E assim foi que, percorrendo oitocentos quilómetros, fiz uma visita relâmpago à Feira do Livro de Lisboa, no passado fim de semana. Da temível chuvada que obrigou a organização a encerrar a feira às 18:00 de Sábado, pouco testemunhei, já que cheguei ao Parque EduardoVII mesmo em cima da hora para realizar uma breve entrevista para a Os Meus Livros com Ricardo Pinto que, a convite da Editorial Presença e do Fórum Fantástico, visitou Portugal para o lançamento do terceiro e último volume da sua trilogia A Dança de Pedra do Camaleão (1999-2009). Logo de seguida eu e o autor mantivemos uma interessante conversa sobre a sua obra, as suas influências e os seus projectos futuros, perante um pequeno pavilhão a abarrotar de fãs entusiastas do autor. Interessante sobretudo por mérito do Ricardo Pinto, conversador cativante apesar da óbvia dificuldade de expressão em português. Se o pavilhão estava a abarrotar, a fila para os autógrafos tardou praticamente uma hora em dissolver-se. Se tudo correr bem, poderemos voltar a vê-lo no Fórum Fantástico 2010.


Rogério Ribeiro, João Seixas, Madalena Santos e Luís Filipe Silva

Sábado foi oportunidade ainda para conhecer a hiper-activa e não menos simpática Sofia Teixeira (Bran Morrighan), e para pôr a conversa em dia com o Rogério Ribeiro, o Luís Filipe Silva e a Safaa Dib, à qual se juntou a Madalena Santos, também ela acabada de sair de uma concorrida sessão de autógrafos.

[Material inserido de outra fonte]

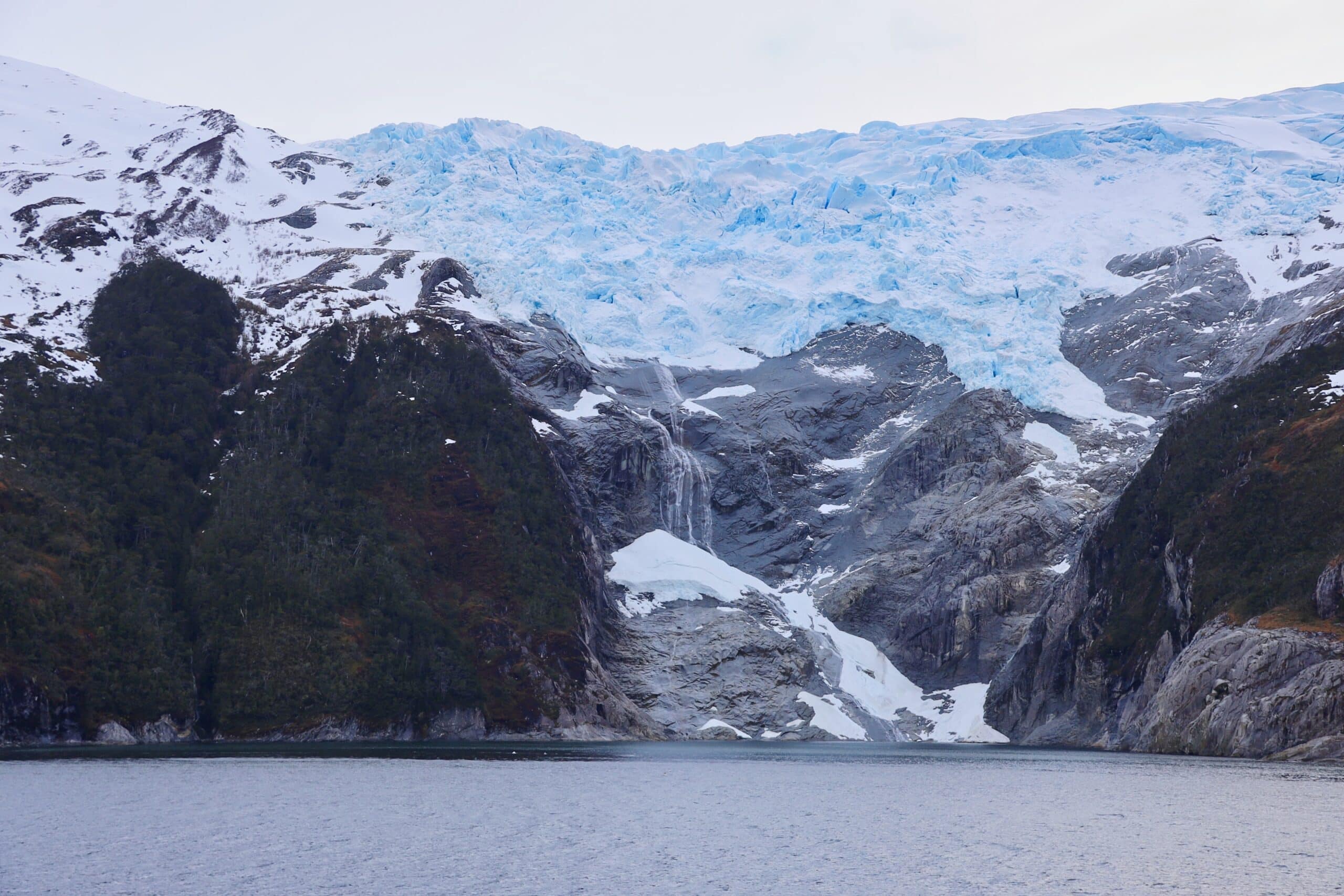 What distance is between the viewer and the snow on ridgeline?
545 feet

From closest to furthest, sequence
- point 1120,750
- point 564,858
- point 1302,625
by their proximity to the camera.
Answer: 1. point 564,858
2. point 1302,625
3. point 1120,750

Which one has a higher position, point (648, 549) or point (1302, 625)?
point (648, 549)

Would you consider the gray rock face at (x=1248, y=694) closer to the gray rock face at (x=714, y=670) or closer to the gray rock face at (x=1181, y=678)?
the gray rock face at (x=1181, y=678)

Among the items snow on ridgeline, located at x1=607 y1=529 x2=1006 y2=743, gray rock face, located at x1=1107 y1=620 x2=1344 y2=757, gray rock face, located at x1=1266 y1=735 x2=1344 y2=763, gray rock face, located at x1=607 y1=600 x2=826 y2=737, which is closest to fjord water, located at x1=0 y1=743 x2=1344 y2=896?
gray rock face, located at x1=1266 y1=735 x2=1344 y2=763

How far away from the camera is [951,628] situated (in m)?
177

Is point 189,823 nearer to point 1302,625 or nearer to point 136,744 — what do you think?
point 136,744

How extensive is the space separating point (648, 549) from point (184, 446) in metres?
72.2

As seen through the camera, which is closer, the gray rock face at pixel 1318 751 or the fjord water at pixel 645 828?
the fjord water at pixel 645 828

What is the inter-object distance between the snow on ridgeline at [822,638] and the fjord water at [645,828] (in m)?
71.6

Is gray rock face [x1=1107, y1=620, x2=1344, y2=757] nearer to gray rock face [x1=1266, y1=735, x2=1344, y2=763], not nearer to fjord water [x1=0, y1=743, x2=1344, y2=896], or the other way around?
gray rock face [x1=1266, y1=735, x2=1344, y2=763]

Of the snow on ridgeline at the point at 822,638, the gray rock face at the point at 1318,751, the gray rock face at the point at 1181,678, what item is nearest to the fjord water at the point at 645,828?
the gray rock face at the point at 1318,751

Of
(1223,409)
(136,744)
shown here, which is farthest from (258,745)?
(1223,409)

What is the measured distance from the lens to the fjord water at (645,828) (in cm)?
4341

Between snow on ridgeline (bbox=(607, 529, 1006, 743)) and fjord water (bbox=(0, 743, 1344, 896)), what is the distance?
71.6 meters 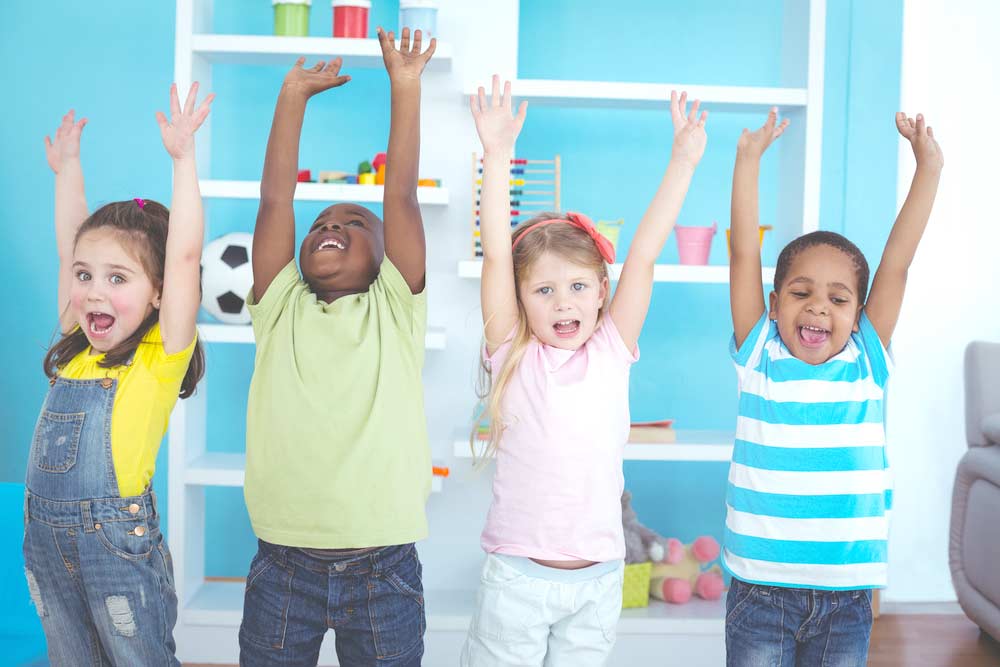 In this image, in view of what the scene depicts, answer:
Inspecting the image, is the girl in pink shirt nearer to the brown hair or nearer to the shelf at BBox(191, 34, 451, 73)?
the brown hair

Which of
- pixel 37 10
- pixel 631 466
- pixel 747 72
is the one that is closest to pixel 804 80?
pixel 747 72

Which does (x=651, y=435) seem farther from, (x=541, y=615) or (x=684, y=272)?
(x=541, y=615)

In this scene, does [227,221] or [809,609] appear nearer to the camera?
[809,609]

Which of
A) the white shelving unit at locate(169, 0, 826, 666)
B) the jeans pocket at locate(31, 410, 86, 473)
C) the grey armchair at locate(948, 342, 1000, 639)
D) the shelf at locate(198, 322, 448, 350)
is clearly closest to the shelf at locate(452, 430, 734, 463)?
the white shelving unit at locate(169, 0, 826, 666)

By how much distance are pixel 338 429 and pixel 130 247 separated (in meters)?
0.51

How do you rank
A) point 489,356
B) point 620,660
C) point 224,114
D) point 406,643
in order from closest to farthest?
point 406,643
point 489,356
point 620,660
point 224,114

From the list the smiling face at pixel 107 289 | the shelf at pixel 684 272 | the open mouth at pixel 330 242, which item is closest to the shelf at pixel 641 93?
the shelf at pixel 684 272

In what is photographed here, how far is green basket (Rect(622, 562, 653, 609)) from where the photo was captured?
2621mm

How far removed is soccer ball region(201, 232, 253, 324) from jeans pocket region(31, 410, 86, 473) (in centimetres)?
84

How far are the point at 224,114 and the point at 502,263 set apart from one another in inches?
64.4

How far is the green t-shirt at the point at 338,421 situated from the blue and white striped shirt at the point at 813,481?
0.57 m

Luís Corte Real, Joana Neves, Luís Caetano, Pedro Reisinho e Sofia Teixeira

Já no Domingo, o ponto alto da feira foi o debate sobre Literatura Fantástica que juntou Luís Corte Real, Joana Neves e Pedro Reisinho (respectivamente ediores da Saída de Emergência, Contraponto e Gailivro) à Sofia Teixeira, a quem coube o ingrato papel de representar os leitores do Fantástico. Digo que foi o ponto alto, quando o mais correcto seria dizer que devia ter sido o ponto alto. Infelizmente, cheguei cerca de meia-hora atrasado e, nessa altura, o pouco que houve de debate já tinha terminado e assisti apenas ao deprimente espectáculo de editores em modo de auto-congratulação, publicidade e palmadinhas nas costas: ou seja, tudo aquilo de que o Fantástico nacional não necessita neste momento.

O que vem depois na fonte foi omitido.